Advanced Micro Devices Wednesday began shipping its delayed Barcelona chip in volume.
The company announced that the quad-core Opteron processor, which had been shipping in limited release to some vendors, became generally available today. AMD had started shipping the quad-core server chips last September, but was forced to halt shipments when an erratum was found.
While AMD was fixing the so-called Barcelona chip at the silicon level, rival Intel Corp. was busy pushing quad-core processors out the door, giving the company a market share and mind share boost over the beleaguered AMD. Industry analysts earlier this week blamed AMD's announcement of layoffs on the chip delay combined with Intel's successes and a sluggish U.S. economy.

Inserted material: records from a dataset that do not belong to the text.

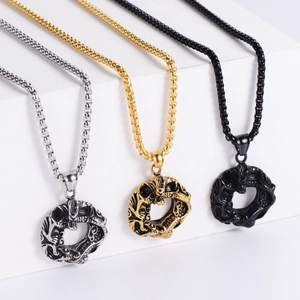 Retro dragon pendant necklace set in silver gold and black finishes with bead chains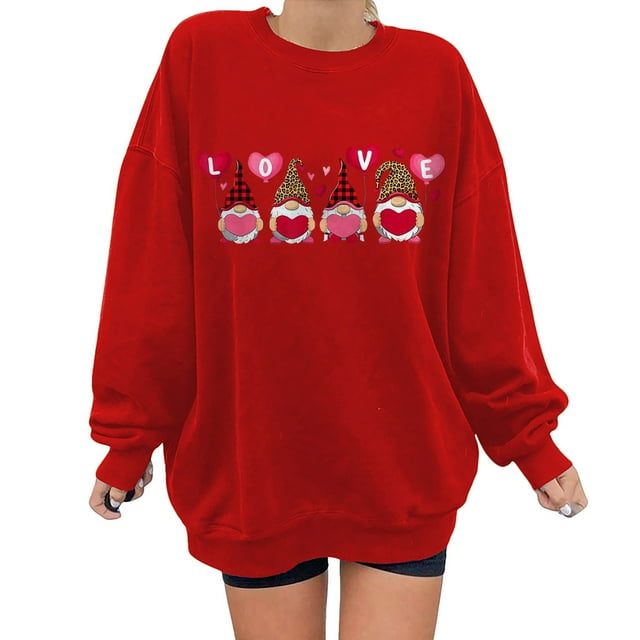 Pompotops Mode Hauts à Col Rond Imprimé pour Femmes Manches Longues Blouse Confortable Chandail en Molleton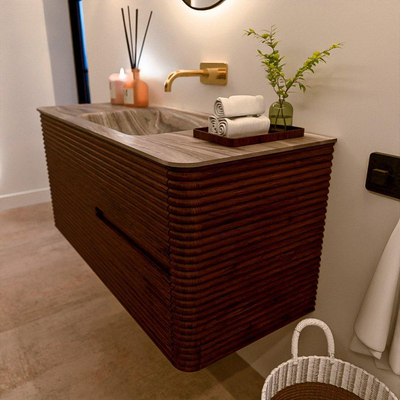 Mondiaz CIRO-DLUX Meuble de salle de bains - 110x45x50cm - Plan vasque solid surface Sombra - 1 lavabo au milieu - sans trous de robinetterie - 2 tiroirs - Ruby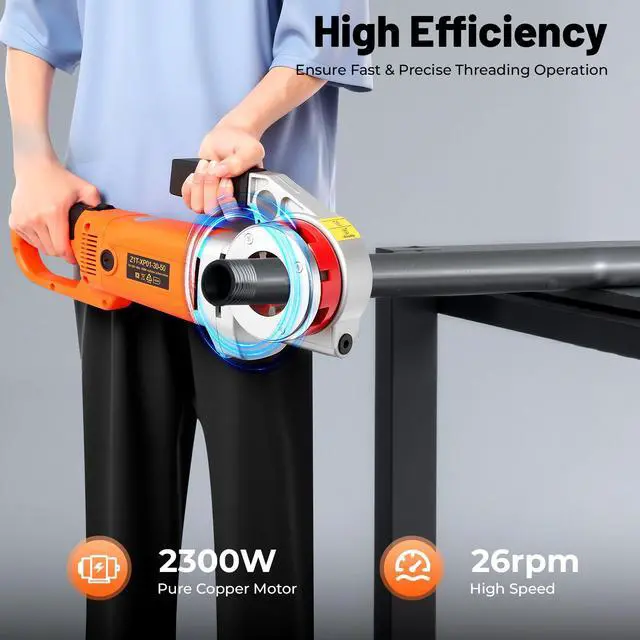 Alt view image 3 of 6 - Electric Pipe Threader, 2300W Pipe Threading Machine Pipe Thread Cutting Tool Pipe Threading Kit with 6 Dies (2'', 1-1/2'', 1-1/4'', 1'', 3/4'', 1/2'') for Plumbing Installation Construction Sites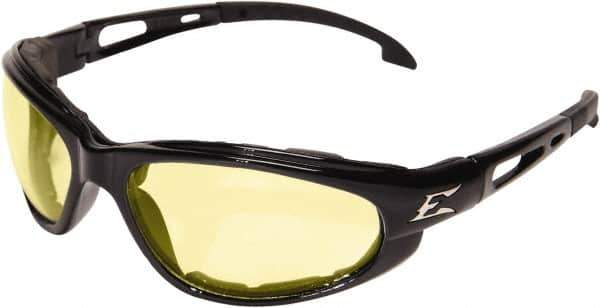 Edge Eyewear - Yellow Lenses, Framed Safety Glasses - Anti-Fog, Scratch Resistant, Black Nylon Frame, Size Universal, Wrap Around - All Tool & Supply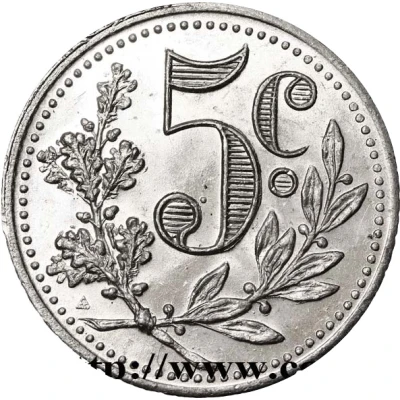 5 Centimes Alger Chamber of Commerce back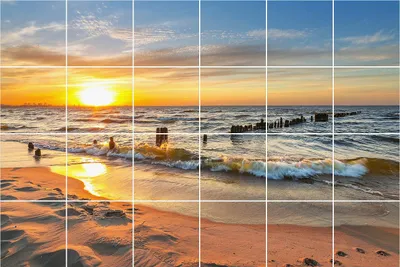Produktbild von Fliesenaufkleber 15x15 cm – 24 Stück – Selbstklebend – Wasserfest – Pflegeleicht – Hitzebeständig – Für Küche & Bad – Sonnenuntergang über dem Meer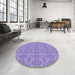 Round Patterned Purple Mimosa Purple Rug in a Office, pat1025blu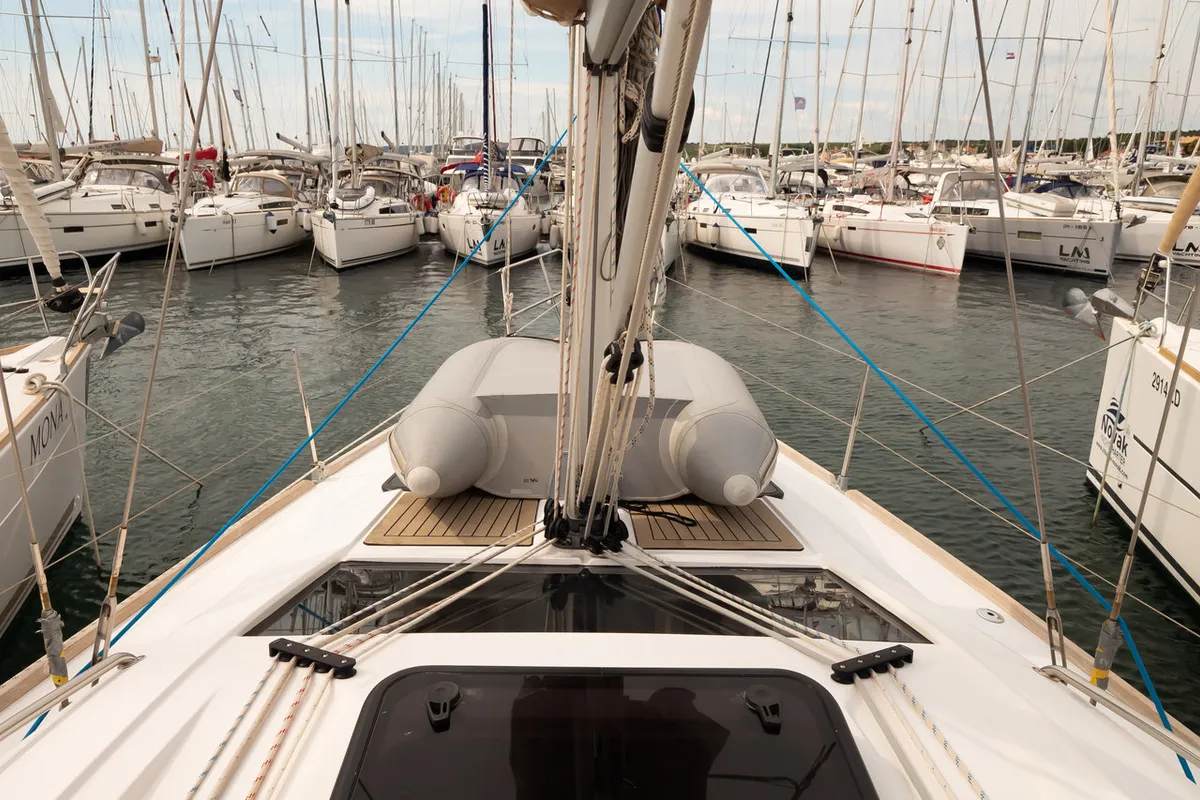 Deck of Anadea, a Elan Impression 40 sailboat at Grad Biograd na Moru, Croatia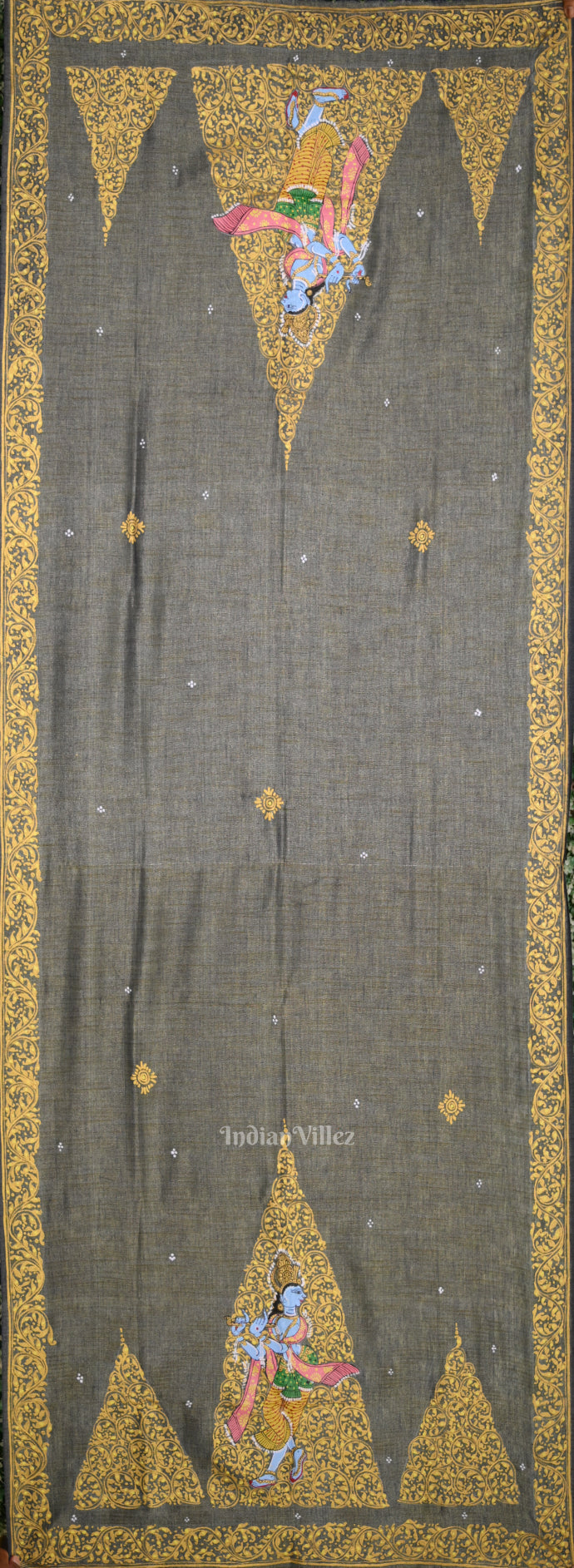 Blue Dual Tone Krishna Tussar Pattachitra Dupatta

"I've lost a bit of faith in AMD," said Dan Olds, an analyst at Gabriel Consulting Group. "I was a huge fan when they [initially] came out with Opteron. If they can get their product out the door on time, with the performance that gets them back to leadership in the market, they could still be OK this year. The hard part is that they have to beat Intel at the game or they're going to be relegated to being the lower-performance, lower-price second choice."
Kishna Weaver, an Opteron product manager with AMD, said the company plans to quickly push out benchmarks for the Barcelona chip to ease concerns and meet expectations of users.
"Opteron has finally arrived," Weaver told Computerworld. "If I could have had it last year, I would have loved to have had it. I think right now that customers are considering performance, power and value. Performance is a big piece of that one and you'll see [AMD] leadership in a number of benchmarks. But I do think customers are looking for a combination of things."
AMD noted that the new chip is already running Hewlett-Packard Co.'s ProLiant DL585 G5 desktop and BL685c G5 computers. According to AMD, other hardware vendors will be following HP with Barcelona-powered servers later this quarter.